HHS has begun investigating a HIPAA breach at the University of Cincinnati Medical Center which ended with a patient’s STD status being posted on Facebook.
The disaster — for both the hospital and the patient — happened when a financial services employee shared detailed medical information with father of the patient’s then-unborn baby. The father took the information, which included an STD diagnosis, and posted it publicly on Facebook, ridiculing the patient in the process.
The hospital fired the employee in question once it learned about the incident (and a related lawsuit) but there’s some question as to whether it reported the breach to HHS. The hospital says that it informed HHS about the breach in a timely manner, and has proof that it did so, but according to HealthcareITNews, the HHS Office of Civil Rights hadn’t heard about the breach when questioned by a reporter lastweek.
While the public posting of data and personal attacks on the patient weren’t done by the (ex) employee, that may or may not play a factor in how HHS sees the case. Given HHS’ increasingly low tolerance for breaches of any kind, I’d be surprised if the hospital didn’t end up facing a million-dollar OCR fine in addition to whatever liabilities it incurs from the privacy lawsuit.
HHS may be losing its patience because the pace of HIPAA violations doesn’t seem to be slowing.
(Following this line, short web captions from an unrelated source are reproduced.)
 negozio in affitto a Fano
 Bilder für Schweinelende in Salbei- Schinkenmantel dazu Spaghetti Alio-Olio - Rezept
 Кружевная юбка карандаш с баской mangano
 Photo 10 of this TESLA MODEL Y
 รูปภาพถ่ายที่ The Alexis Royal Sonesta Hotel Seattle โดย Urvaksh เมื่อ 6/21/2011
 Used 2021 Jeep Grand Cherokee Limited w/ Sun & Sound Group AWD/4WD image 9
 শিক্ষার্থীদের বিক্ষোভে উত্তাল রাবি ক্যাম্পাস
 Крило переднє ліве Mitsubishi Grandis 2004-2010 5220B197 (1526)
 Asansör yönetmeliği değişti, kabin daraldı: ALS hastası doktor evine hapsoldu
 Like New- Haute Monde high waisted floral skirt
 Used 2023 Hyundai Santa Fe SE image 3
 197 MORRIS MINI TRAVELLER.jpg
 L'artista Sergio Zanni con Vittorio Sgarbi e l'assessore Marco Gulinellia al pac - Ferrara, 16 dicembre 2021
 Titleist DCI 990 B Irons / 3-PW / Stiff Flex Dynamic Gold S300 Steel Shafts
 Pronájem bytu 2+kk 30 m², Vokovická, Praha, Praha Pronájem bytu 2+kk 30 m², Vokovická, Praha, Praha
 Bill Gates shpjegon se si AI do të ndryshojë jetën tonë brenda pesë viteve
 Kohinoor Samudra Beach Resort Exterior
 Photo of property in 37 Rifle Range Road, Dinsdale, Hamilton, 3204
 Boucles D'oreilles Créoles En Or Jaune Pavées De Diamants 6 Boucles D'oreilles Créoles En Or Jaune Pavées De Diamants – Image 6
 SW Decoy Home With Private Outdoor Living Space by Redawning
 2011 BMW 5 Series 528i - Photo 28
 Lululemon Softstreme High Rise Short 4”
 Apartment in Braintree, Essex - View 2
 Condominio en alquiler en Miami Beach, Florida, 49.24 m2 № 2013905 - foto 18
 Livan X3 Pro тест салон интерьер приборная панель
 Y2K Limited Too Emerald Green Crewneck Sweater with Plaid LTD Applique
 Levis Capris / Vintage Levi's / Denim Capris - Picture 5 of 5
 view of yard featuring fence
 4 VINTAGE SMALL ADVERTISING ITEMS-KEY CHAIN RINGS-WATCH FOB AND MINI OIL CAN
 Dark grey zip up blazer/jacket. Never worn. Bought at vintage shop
Sometimes, breaches are taking place due to a lack of the most basic security protocols. (See this piece on last year’s wackiest HIPAA violations for a taste of what I’m talking about.)
Ultimately, some breaches will occur because a criminal outsmarted the hospital or medical practice. But sadly, far more seem to take place because providers have failed to give their staff an adequate education on why security measures matter. Experts note that staffers need to know not just what to do, but why they should do it, if you want them to act appropriately in unexpected situations.
While we’ll never know for sure, the financial staffer who gave the vengeful father his girlfriend’s PHI may not have known he was up to no good. But the truth is, he should have.